In 1992, Nicholas Fox Weber meets Sylvia Colle Lorant, the youngest of the Three Sisters. He quotes her as saying:
As a person, he was tender, present. He amused himself with us; he joked a lot. The paintings were enigmatic, but he was not. There was never any danger: the sexuality was in his head. His cerebral world was different from the world out there in the painting. He had the audacity to express his ideas in his art.
– in ibid., p. 464
I have made this big, because I think it contains greater insight into the artist, Balthus, than all of his biographer’s 603 pages put together. It is in short asides like the following that Nicholas Fox Weber gives us any indication that he is capable of objective examination of his subject, or has, indeed, looked at the paintings for any reason except to strengthen his case for the prosecution.
When Balthus’s line wavers, it is because ambiguity is a truer state than clarity is.
– ibid., p. 542
Gae Aulenti, an architect the biographer meets in 1999, tells him the story of Balthus receiving the Imperial Prize from Prince Masahito Hitachi, in 1991.
Balthus, although naturally “very tall – I think he was one metre ninety, ” was further elevated by the unusual leather clogs with thick wooden heels that he was wearing with his evening clothes. … “Balthus went in front of the prince to take the prize, and he had more height because of these shoes. And the Japanese prince was very short.” The architect’s attention was further drawn to these black clogs because of the “violet socks” Balthus was wearing. … “Balthus kneeled in front of the prince at ninety degrees.” Once he had lowered himself to the ground, he was down “for two minutes. I the complete silence you could hear his bones: crack, crack, crack. It was like something out of a Japanese play, Noh theatre.” …
“He couldn’t get up.” The suspense was palpable as the notables assembled in Tokyo looked on, while no one uttered a sound. …

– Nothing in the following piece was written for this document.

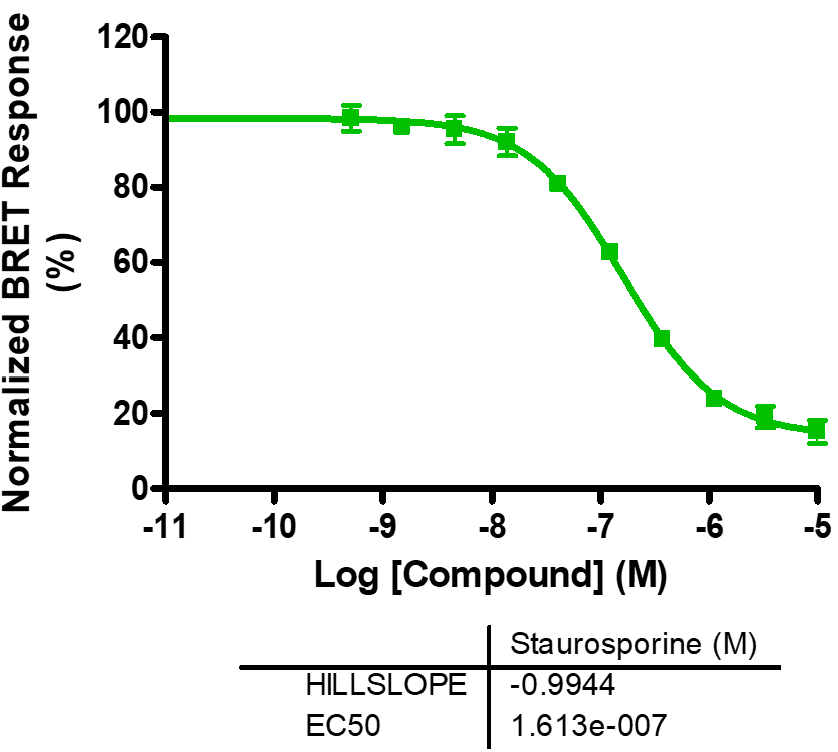 Reference compound IC50 for BTK (T474I)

By Aulenti’s calculation, it took the artist “three minutes to come back.” … As she imitated Balthus taking that seemingly interminable time to straighten up his body, she said it seemed as if he would never rise again. In Gae Aulenti’s eyes, “the most elegant man in the world,” Balthus, had stolen the show.
– ibid., pp. 595-596
Notice how Nicholas Fox Weber barbs the end of the story, as if Balthus’s intention had been to steal the show, as if it was his show and not a ceremonial occasion, as if in his biographer’s mind Gae Aulenti’s eyes are mistaken. Notice the inelegance of the prose.
– Balthus, Alice dans le miroir, 1933
A little more on Pierre Jean Jouve, the owner of Balthus’s Alice dans le miroir, who wrote, in fact, of his obsession with the painting. Balthus’s Alice is not to be confused with Carroll’s: the former possesses the only hairy vulva in the painter’s oeuvre. She is not a little girl.
In Jouve’s eyes, an element of death inspired both the invention of Balthus’s paintings and their execution. He found that their candid morbidity provided both authentic grandeur and a constantly tragic character. Jouve revered Balthus’s art for this revelation of a world other than the absurd one in which we pretend to live, for its rich mixture of anguish and splendour.
– ibid., p. 308
I like this. It is surprising on rereading it how it recalls Eliot’s belief that tragedy is no longer possible in the modern world. Now, the biographer-as-prosecutor intervenes:
With Alice hanging where it did – alongside the bed in his wood-panelled bed chamber – he experienced the cold, enticing, nasty lust of Balthus’s vision full force, unadorned and unrepentant.
– ibid.
L’art est délivrance, même dans la souffrance; mais aux yeux de ceux, parias, qui n’ont pas le sens intime de la liberté de l’esprit, l’art est le crime.